A few responses here:

It’s actually not any different, by hard fork I mean to indicate this is not a normal DCS/Github soft fork. In other words, it’s a copy with no intent of ever being merged back upstream since it’s a translation.

Good point, this will work great as long as users can figure this process out, which isn’t very user friendly.

What I mean by generic is that no one actually is the owner. So think of a public domain translation, where does that get housed?

Yes, I wasn’t going into the detail of creating a “release” but that would be included in the workflow. And yes, uploaded formats to the release would be a handy way to host and distribute them.

For additional formats, you are right that Scripture Burrito needs to think through how to do that, I’ll put that on our list of things to consider.

jag3773 · November 27, 2019, 8:47pm

FYI, I edited the main post and

modified the API section, including a new graph
added the “Implementation Plan (Rough)” section at the end

joel · November 28, 2019, 6:30am

You mention getting rid of the lambda functions, which will obviously halt any further updates to the legacy APIs. Is there concern for legacy software that is currently being used? I’d personally love to see everyone upgrade, but realistically this may take a very long time.

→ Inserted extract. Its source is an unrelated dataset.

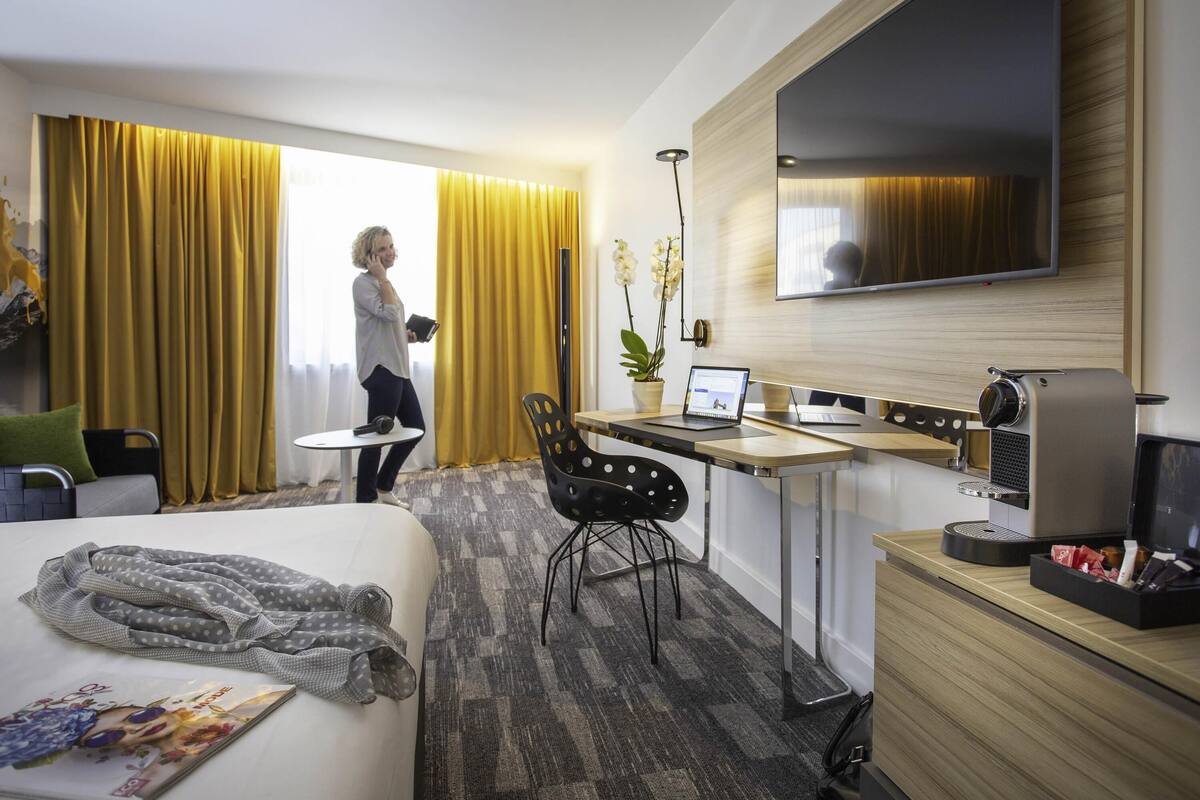 A hotel room with a bed, a desk, a TV, and a coffee machine.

Also, what will the upgrade path look like for existing tools? e.g. with the future of tS uncertain, would users be left with a stale api until tS can be replaced with newer tools?

Perhaps we should keep the old APIs around with frozen content until we can provide an upgrade/migration path for existing tools.

jag3773 · December 2, 2019, 3:47pm

I see two possibilities here, the one you mentioned, freeze the endpoints and they get the content that is there unless the developers upgrade. Or, option 2, is to convert the lambdas into docker containers and continue running them. The lambda setup has turned out to be not so great in lots of ways for this use case, so if we are going to keep processing the old catalogs we may be better off to convert them.